Camp was a lot like vacationing in hell. It was like being in jail, except manual labor and arduous exercise were required, sleeping in tents was protocol, and instead of bright orange jumpsuits, our uniforms were these abysmal gray shirt and pant sets that were great for showing off the sweat stains we acquired from all the heat. It was always hot. Always. The amount of time we spent in the sun helped us cadets take the farmer's tan look to a whole new level. We spent most of our time working like dogs in the hot sun, cutting tall grass with swing blades, weeding the edges of the camp fence and cleaning the outhouses. We ran around 12 miles a day. They barely fed us-the fly covered slop and the stale PB & J sandwiches served as essential parts of our nutritious camp diets. The camp director, Mr. Moses, was the epitome of terror. He was a war veteran with a thick southern accent-imagine a meaner, slightly shorter Vin Diesel with a chewing tobacco habit, a beer gut and a bum leg. Punishments were severe for anyone out of line, and some of the most unruly and rambunctious kids were broken in within a matter of days.
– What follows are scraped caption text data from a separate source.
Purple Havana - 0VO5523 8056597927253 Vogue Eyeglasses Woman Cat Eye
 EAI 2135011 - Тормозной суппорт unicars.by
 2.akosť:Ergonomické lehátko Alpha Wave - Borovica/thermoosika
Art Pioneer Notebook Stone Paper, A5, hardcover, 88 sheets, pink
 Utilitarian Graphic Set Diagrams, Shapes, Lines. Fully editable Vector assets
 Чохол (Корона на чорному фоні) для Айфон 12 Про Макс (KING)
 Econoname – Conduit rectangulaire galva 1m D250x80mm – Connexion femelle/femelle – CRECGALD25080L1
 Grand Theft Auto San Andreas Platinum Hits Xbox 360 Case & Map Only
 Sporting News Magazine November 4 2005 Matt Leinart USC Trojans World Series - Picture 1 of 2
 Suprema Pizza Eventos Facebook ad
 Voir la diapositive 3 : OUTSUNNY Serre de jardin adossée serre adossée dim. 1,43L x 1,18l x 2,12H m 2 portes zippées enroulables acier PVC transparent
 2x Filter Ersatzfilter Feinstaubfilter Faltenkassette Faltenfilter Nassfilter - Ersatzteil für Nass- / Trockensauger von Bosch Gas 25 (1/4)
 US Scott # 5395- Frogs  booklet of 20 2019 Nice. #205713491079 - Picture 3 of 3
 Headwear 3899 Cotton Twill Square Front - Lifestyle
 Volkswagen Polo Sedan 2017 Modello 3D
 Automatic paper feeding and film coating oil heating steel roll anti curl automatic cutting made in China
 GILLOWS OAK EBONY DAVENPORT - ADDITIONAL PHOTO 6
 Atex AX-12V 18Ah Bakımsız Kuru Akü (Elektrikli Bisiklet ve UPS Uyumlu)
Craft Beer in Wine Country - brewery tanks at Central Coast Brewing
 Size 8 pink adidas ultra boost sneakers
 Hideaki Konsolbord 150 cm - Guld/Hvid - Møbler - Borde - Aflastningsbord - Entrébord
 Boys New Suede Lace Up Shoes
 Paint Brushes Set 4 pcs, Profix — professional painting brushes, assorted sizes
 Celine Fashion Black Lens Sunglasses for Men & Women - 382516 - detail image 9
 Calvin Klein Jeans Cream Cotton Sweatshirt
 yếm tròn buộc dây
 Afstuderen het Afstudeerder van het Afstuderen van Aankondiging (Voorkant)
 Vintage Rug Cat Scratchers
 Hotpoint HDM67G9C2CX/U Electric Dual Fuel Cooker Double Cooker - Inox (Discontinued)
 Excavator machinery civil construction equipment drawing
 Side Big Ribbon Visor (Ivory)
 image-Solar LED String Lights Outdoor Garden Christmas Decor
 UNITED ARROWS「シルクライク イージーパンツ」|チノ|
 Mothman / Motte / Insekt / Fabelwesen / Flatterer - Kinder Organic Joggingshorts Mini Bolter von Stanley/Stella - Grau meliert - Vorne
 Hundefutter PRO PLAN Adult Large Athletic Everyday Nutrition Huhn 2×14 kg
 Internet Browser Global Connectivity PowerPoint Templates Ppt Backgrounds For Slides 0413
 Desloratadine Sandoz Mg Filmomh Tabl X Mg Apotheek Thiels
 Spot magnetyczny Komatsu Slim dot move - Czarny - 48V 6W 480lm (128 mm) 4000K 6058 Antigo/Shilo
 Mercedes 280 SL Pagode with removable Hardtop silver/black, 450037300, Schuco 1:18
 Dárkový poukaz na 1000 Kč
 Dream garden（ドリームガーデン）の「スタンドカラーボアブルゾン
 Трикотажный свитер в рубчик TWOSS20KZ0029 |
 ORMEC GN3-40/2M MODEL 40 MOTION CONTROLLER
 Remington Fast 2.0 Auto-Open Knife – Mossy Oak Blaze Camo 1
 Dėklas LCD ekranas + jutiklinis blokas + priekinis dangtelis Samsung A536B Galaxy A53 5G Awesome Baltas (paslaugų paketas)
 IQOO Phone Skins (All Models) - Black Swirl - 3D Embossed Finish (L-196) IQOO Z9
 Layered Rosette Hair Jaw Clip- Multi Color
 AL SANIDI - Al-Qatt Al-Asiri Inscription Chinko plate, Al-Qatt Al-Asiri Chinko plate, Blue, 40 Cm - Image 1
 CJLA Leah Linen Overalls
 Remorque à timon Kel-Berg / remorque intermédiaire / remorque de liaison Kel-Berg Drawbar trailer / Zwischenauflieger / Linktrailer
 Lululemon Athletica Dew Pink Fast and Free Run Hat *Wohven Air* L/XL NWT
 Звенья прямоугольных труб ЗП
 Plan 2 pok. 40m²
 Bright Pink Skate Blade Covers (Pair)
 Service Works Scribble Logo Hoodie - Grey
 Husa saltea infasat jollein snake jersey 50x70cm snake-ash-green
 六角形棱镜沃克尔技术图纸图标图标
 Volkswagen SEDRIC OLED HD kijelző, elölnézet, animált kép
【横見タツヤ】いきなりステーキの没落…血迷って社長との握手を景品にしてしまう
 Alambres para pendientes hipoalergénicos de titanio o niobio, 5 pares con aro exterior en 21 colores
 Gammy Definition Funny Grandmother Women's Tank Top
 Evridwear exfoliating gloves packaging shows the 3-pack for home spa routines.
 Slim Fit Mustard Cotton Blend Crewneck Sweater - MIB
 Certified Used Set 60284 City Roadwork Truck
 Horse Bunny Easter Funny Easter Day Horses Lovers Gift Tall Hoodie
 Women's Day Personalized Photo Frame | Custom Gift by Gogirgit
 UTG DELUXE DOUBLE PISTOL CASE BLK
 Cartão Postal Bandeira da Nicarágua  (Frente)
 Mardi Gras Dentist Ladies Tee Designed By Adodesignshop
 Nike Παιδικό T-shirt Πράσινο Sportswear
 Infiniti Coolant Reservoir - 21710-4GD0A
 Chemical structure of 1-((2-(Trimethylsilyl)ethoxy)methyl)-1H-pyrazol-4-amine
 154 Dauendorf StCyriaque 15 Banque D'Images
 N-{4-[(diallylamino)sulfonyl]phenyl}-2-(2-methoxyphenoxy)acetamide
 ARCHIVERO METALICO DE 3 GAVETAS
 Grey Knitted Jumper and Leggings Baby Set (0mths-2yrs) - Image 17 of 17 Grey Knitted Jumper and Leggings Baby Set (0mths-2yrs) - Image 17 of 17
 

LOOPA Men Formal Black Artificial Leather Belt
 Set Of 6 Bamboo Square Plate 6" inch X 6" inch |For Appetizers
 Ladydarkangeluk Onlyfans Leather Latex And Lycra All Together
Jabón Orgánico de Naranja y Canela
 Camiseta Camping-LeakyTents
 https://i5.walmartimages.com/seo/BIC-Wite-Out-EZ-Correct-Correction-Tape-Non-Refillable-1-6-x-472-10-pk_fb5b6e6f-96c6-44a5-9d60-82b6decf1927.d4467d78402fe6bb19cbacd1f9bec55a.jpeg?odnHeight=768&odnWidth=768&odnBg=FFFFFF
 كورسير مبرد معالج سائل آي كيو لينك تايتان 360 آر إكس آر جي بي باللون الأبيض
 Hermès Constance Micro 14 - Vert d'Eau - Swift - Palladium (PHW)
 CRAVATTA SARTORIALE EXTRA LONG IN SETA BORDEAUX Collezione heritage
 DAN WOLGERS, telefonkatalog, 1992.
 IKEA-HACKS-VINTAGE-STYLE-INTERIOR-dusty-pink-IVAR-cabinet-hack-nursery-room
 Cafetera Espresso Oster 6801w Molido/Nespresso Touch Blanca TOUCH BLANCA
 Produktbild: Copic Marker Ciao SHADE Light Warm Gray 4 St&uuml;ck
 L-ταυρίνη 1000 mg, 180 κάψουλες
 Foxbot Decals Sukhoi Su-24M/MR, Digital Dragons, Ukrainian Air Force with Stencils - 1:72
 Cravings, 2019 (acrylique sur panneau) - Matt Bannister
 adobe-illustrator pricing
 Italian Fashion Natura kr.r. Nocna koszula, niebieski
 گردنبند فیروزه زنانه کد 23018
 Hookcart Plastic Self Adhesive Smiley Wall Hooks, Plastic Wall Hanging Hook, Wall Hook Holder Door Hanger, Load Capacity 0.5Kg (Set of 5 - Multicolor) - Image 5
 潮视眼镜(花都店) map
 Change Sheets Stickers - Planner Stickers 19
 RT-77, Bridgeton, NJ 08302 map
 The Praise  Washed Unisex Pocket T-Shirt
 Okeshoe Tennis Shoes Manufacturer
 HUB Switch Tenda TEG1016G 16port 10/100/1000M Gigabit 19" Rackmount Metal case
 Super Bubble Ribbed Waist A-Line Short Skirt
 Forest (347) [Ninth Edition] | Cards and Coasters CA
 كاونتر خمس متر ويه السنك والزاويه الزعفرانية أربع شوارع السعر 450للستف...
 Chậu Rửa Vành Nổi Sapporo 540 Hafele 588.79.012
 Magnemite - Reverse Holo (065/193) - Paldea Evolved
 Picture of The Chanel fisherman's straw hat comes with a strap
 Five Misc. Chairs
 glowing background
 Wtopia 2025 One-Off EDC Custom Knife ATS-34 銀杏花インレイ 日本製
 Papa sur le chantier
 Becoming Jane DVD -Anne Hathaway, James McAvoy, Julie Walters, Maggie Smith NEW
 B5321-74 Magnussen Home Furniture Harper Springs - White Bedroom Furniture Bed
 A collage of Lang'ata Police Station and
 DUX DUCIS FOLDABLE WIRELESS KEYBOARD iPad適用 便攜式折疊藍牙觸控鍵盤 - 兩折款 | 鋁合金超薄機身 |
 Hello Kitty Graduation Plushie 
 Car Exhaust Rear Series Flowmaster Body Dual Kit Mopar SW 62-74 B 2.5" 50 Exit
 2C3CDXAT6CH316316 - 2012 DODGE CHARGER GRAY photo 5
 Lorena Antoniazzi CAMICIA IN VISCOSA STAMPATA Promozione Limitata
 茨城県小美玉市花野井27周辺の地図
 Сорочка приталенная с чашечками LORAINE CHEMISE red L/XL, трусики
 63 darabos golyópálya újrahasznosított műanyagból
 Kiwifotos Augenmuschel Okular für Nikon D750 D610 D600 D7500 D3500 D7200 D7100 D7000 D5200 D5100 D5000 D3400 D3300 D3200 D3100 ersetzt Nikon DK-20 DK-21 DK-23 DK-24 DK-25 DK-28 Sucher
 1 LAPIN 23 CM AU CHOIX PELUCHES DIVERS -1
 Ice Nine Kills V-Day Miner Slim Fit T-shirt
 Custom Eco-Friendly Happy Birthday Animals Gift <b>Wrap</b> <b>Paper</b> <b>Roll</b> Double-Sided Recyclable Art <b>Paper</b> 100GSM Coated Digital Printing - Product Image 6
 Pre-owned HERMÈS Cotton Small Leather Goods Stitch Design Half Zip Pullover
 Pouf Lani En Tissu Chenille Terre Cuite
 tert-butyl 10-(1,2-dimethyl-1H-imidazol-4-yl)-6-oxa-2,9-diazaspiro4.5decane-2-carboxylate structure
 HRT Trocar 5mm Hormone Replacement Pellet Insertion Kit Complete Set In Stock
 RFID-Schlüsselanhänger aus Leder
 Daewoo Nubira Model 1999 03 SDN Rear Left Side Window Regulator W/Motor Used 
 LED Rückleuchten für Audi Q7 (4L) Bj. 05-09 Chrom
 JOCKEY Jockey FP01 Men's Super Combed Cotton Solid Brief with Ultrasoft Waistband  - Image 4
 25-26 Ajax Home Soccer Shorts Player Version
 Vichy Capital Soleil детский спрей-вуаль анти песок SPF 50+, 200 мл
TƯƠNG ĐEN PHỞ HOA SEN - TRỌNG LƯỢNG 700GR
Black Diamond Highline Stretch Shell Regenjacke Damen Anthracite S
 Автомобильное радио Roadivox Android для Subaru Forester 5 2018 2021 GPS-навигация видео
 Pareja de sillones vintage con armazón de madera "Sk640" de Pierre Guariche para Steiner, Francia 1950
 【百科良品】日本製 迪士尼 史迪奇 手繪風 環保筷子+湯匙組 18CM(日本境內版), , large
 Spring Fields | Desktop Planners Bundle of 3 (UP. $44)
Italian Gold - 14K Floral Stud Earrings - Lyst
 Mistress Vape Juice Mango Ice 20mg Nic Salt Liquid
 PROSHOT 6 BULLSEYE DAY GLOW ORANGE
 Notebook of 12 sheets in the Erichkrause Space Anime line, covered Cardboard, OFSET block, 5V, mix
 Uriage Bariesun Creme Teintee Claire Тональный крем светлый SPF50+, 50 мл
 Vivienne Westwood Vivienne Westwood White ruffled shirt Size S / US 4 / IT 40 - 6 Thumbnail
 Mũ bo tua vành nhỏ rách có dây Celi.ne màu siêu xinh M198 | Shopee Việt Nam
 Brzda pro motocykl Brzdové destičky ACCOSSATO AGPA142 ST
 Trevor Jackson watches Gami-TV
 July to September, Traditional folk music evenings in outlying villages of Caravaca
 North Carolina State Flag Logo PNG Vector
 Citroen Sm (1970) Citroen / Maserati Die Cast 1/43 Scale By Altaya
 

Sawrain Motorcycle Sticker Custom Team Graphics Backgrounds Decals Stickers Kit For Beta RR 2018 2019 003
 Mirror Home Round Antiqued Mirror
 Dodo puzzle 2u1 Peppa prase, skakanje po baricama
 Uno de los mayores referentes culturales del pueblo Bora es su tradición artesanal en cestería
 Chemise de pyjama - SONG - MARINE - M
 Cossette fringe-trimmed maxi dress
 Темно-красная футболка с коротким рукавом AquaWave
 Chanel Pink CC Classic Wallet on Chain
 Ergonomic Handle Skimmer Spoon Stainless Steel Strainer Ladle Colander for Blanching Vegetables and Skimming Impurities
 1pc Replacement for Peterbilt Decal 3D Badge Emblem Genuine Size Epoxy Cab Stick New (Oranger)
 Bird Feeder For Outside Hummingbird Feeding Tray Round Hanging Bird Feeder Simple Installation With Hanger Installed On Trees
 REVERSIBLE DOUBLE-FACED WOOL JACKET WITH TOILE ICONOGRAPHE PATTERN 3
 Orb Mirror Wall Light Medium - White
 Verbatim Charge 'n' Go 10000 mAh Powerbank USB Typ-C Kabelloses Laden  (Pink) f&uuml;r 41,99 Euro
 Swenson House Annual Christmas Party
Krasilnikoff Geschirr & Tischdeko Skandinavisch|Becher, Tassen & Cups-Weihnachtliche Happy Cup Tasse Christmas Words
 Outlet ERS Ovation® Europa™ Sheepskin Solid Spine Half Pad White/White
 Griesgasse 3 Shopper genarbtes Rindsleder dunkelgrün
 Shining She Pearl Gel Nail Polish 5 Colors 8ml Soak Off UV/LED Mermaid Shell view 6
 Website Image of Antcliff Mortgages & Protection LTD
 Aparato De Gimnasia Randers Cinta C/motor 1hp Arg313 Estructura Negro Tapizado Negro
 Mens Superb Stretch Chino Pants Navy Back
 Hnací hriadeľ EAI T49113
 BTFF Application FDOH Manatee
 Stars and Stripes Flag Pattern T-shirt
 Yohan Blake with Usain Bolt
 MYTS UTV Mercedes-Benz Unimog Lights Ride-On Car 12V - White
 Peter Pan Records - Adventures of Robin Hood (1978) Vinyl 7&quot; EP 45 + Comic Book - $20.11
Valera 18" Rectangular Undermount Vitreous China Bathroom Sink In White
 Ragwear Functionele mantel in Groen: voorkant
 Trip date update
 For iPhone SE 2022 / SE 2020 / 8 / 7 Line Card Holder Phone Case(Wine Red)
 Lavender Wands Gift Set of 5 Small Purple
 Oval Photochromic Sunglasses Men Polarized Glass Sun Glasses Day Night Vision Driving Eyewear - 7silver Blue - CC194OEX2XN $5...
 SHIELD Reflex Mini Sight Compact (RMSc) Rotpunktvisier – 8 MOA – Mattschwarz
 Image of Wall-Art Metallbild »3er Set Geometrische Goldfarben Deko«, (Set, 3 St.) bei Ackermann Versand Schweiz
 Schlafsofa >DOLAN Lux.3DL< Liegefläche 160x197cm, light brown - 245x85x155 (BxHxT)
It was unlike anything I'd ever endured. Every day was a challenge, and each new challenge made it harder for me not to want to give up. Physically, I had been taken to limits unrivaled by any soccer conditioning I'd experienced in my past -mentally I had to fight every last bitter, disparaging thought that crossed my mind. I would often lie awake in my tent crying and feeling sorry for myself, blubbering "why me" and wondering if camp would ever end.

But each day I fought to stay emotionally stable, I became stronger. Determination replaced tears, and hope replaced dejection. Slowly, my indignation faded, and toughing out my stay became less of a burden. I thought that if I could just find it within myself to take each task head on, hour by hour, day by day that my stay at camp would be over as fast as it had begun.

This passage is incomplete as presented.